Toujours
est-il que, à les entendre, un vieux, c’était d’abord un papi ou une
mamie. Son identité, qu’ils appelaient ça. Jusque
là tout va bien : des siècles et des siècles que ça contentait tout
le monde aux quatre coins de la planète. Mais soudainement ça a déplu à
nos sommités. Qui se sont mises à expliquer qu’un
papi ou une mamie, pour un gosse, ça avait tout d’une tragédie,
rapport que ça tourmentait les générations et qu’on ne devait pas
laisser un gamin faire gouzi-gouzi avec un ancêtre. Que c’était
de mauvaise influence et qu’on ne pouvait pas faire un grand d’un
petit s’il s’attachait à des vétérans tout ridés. Que le pays avait bien
à perdre à regarder le passé. En un mot comme en cent,
ce qui était beau était devant, pas derrière. A la fin de l’envoi,
en vérité, ce qu’ils disaient, c’est qu’un vieux c’est la mort, et que
la chose ne se montre point à un mioche.

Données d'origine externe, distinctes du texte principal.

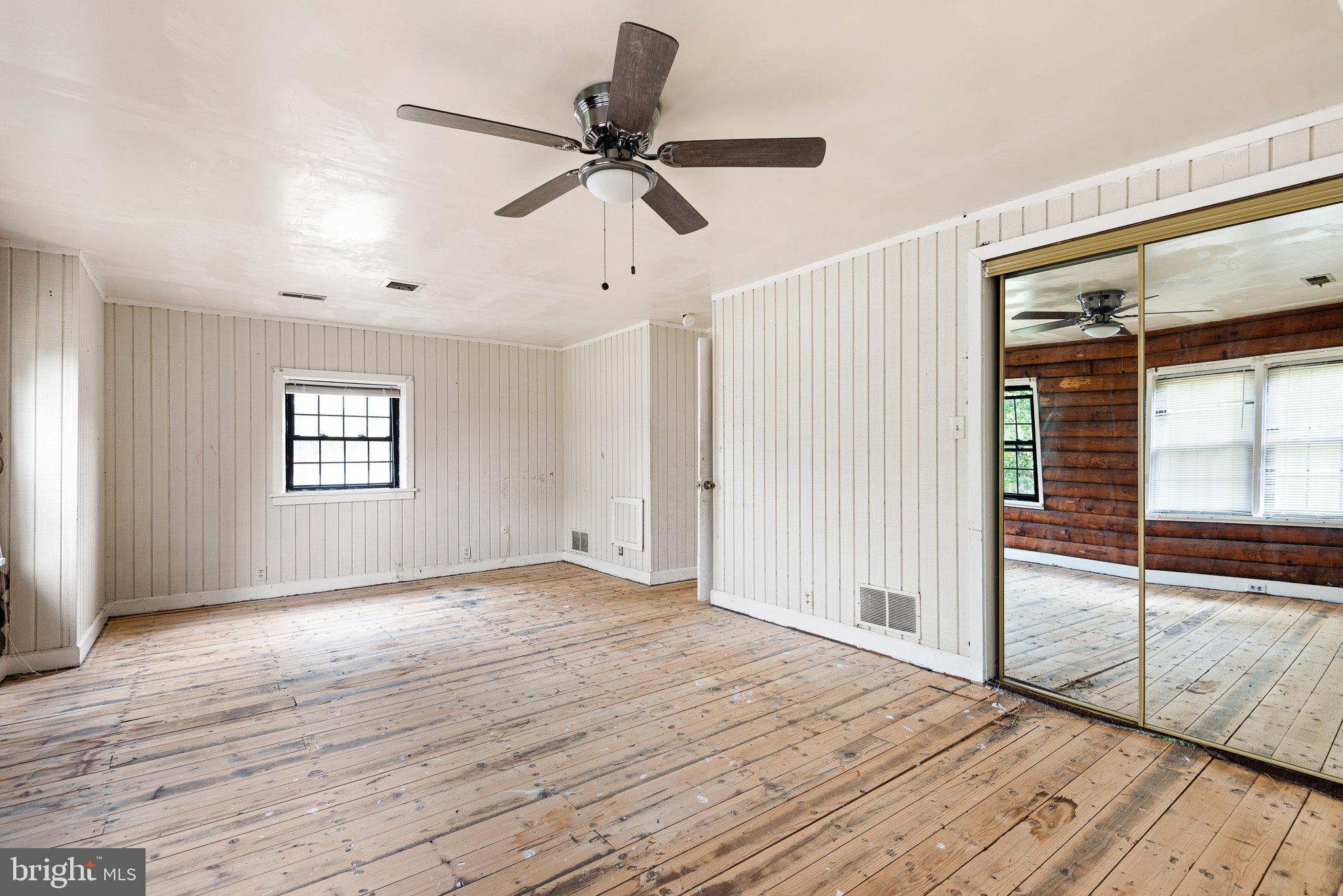 241 Smalleys Dam Road Newark, DE 19702 - Photo 2 of 19 a view of empty room with wooden floor and fan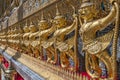 Garudas and nagas on external decorations of the Ubosoth, Wat Phra Kaew temple, Grand Palace, Bangkok, Thailand Royalty Free Stock Photo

Qu’il vaut mieux
lui faire des menteries dès le début de la vie et jouer à
cache-cache avec ce qui nous attend tous, et eux avec.
Marc Villemain, Ils marchent le regard fier, éditions du Sonneur, 2013, p. 28-29.
J'avais lu le précédent, de Marc Villemain, "Et que morts s'ensuivent".
Il faut beaucoup, beaucoup de temps avant de pouvoir s'en relever pour continuer.
Au-dela du talent.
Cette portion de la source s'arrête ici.